**PROBLEM STATEMENT**
Once the pictures are set aside, repeat all of the data below exactly.

**INPUT DATA**
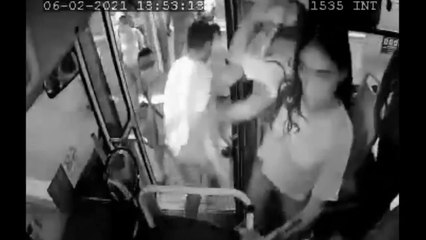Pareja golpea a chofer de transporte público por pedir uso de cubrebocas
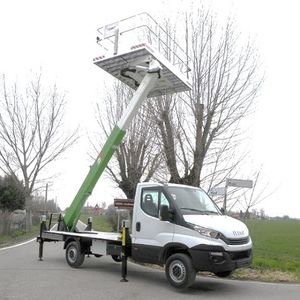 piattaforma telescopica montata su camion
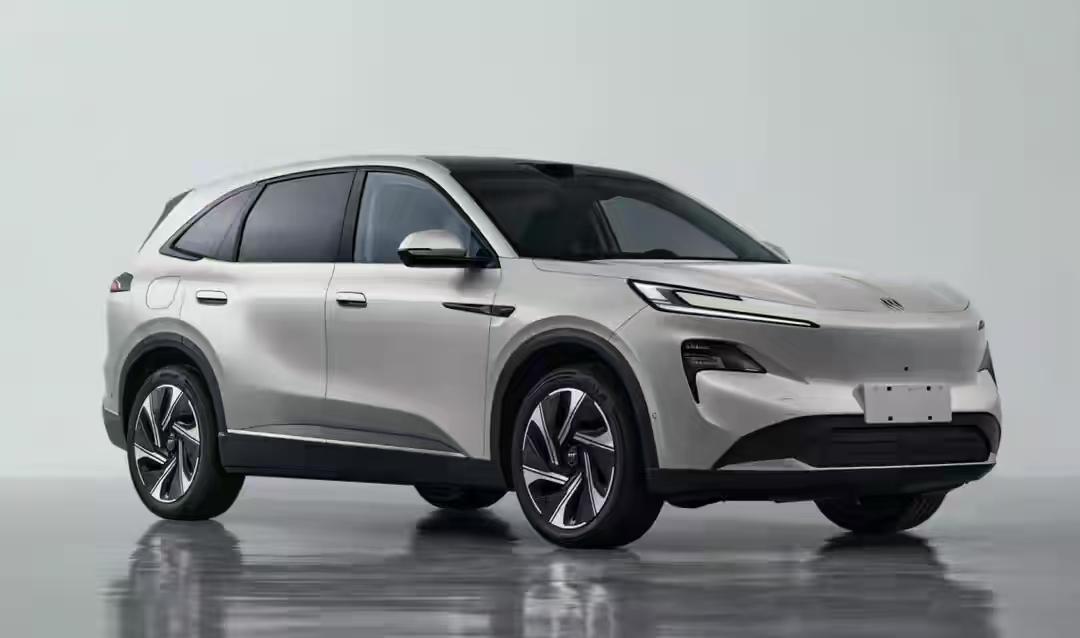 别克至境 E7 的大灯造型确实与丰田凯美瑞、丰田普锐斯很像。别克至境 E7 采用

**SOLUTION TO THE EXERCISE**
Pareja golpea a chofer de transporte público por pedir uso de cubrebocas
 piattaforma telescopica montata su camion
 别克至境 E7 的大灯造型确实与丰田凯美瑞、丰田普锐斯很像。别克至境 E7 采用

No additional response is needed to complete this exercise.